The list of publications currently available and details of how to order are available here.
Over his long career, firstly as carillonneur for Aberdeen, and then, after a break of over 30 years, returning as carillonneur for Newcastle-upon-Tyne, followed by Perth and Bond Street in London, John’s output was prodigious.
With John’s passing earlier this year, it seems a particularly apposite time to relaunch a body of carillon music much of which he either produced or inspired others to do likewise. His production of two-octave carillon music for Newcastle-upon-Tyne and Bond Street is a seminal contribution to the smaller instrument, so that now (along with the excellent publications of Beverly Buchanan, with whom John liaised) there is an appreciable body of two-octave music, including original compositions, some especially commissioned. A Tutor for Mark, Studies for Two-Octave Carillon is the only carillon tutor dedicated to the smaller instrument.

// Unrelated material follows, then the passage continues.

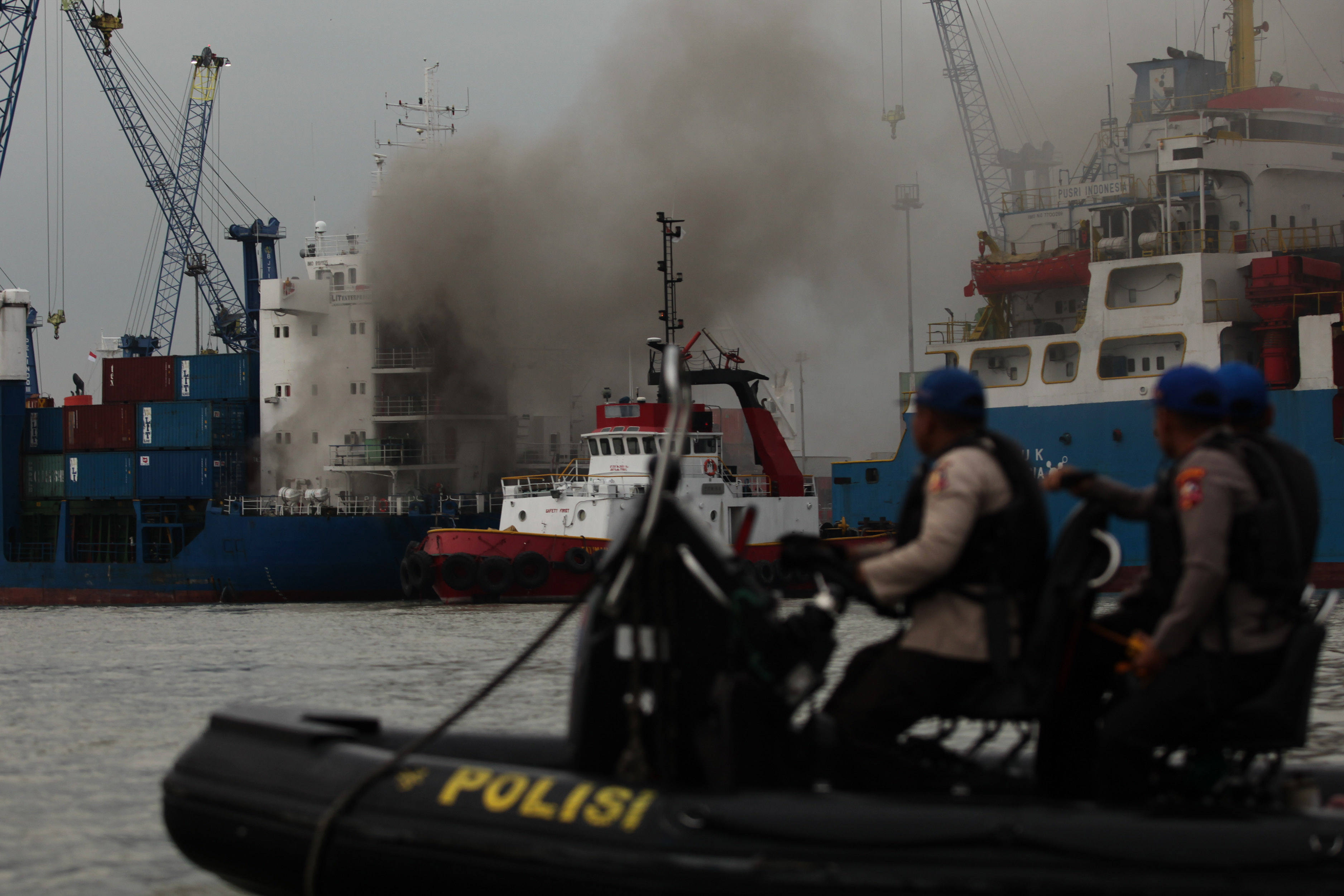 Kapal Kargo Terbakar Di Pelabuhan Tanjung Perak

His Christmas in Old Bond Street books (two volumes) are perfect for the two-octave carillonneur during that festive season, and one of his last productions, selected arrangements of Bach’s lute suites, are a particular favourite of mine. Likewise, three-octave instruments such as Perth, York and Charterhouse are now very well served by his five Perth Carillon Books. Volume 5 of this series is dedicated to sacred music, and is therefore an invaluable resource for all those who need to play for church services or to mark the Christian year or special occasions with appropriate music.
He also initiated the BCS Monograph series. Most of these monographs are significant carillon pieces by British and Irish composers, published as single volumes, along with explanatory notes and background information to the compositions. Edward Elgar’s influential Memorial Chimes for Carillon is part of this series, typeset by John using the Sibelius software package, and based on an original version performed by Clifford Ball and James Lawson. Other works in the series include John Stuart Archer’s Suites 1 and 2 for Carillon, Sir Hamilton Harty’s A Little Fantasy and Fugue for Carillon of 1934 and the Cattistock Suite for Carillon, by E. d’Arba, who, on subsequent research, was in fact Ethel Adelaide Parker, one of Britain’s first female composers for carillon.
The works of Clifford Ball, John’s first teacher at Bournville before his appointment as carillonneur for Aberdeen, is well represented in the BCS volume Clifford Ball Centenary: Life and Music, a collection for four-octave carillon, complete with an extensive biography of Clifford Ball written by his son Iain.
Also for the larger carillon are two volumes of the music of La Salle Spier, published through the BCS and edited by Elizabeth Graves Vitu. These volumes are a collection of music by this brilliant composer and musician, who became fascinated with the carillon in Luray, Virginia. The music deserves a much wider audience, and my hope is that, in relaunching the publications, the carillon world will look again at this rich vein of material. Volume I contains an excellent, well-researched introductory essay by Elizabeth on Spier’s life and carillon output, and his fruitful collaboration with Luray’s virtuoso carillonneur Charles T. Chapman.
New music for carillon is also represented in these collections. Volume I of the Newcastle Carillon Books contains the minimalist Four Pieces by local composer Robin Terry, commissioned by John, as was the Three Pieces for Carillon from Fung Lam, a composer based in Hong Kong who himself has a large and creative output, among them commissions premiered by the BBC Symphony Orchestra. Three Pieces for Carillon received its world première in March 2005 by John at Bond Street.
Also commissioned by and dedicated to John was Anthony Skilbeck’s A Passage of Time, a suite of three pieces Sunset, Nocturne and Daybreak, published by the BCS and premiered by John Knox at Saltley in 2002. Anthony Skilbeck’s corpus of work, much of which is atonal, and both rhythmically and technically challenging, deserves exploration by the adventurous or curious carillonneur. Anthony was inspired to write Passing Thought numbers 1 to 11 for two-octave carillon, including one, Passing Thought No. 3, graciously dedicated to me for the 75th anniversary of the installation of the Saltley carillon, where I gave the first performance. Also published by the BCS is Skilbeck’s Woodland Echoes, a BCS Monograph, for three-octave carillon.
Last but by no mean least is A Chimer’s Tune Book. All in all, something for everyone. Perhaps the relaunch of this music will inspire members to refresh their own arrangements, and even try their hand at composition, with a view to future publication.
We are grateful to John’s sister Yvonne, who has given her agreement for the British Carillon Society to continue publishing John’s music. As well as raising the profile of an appreciable body of work, the sale of these publications will bring much-needed revenue to the Society.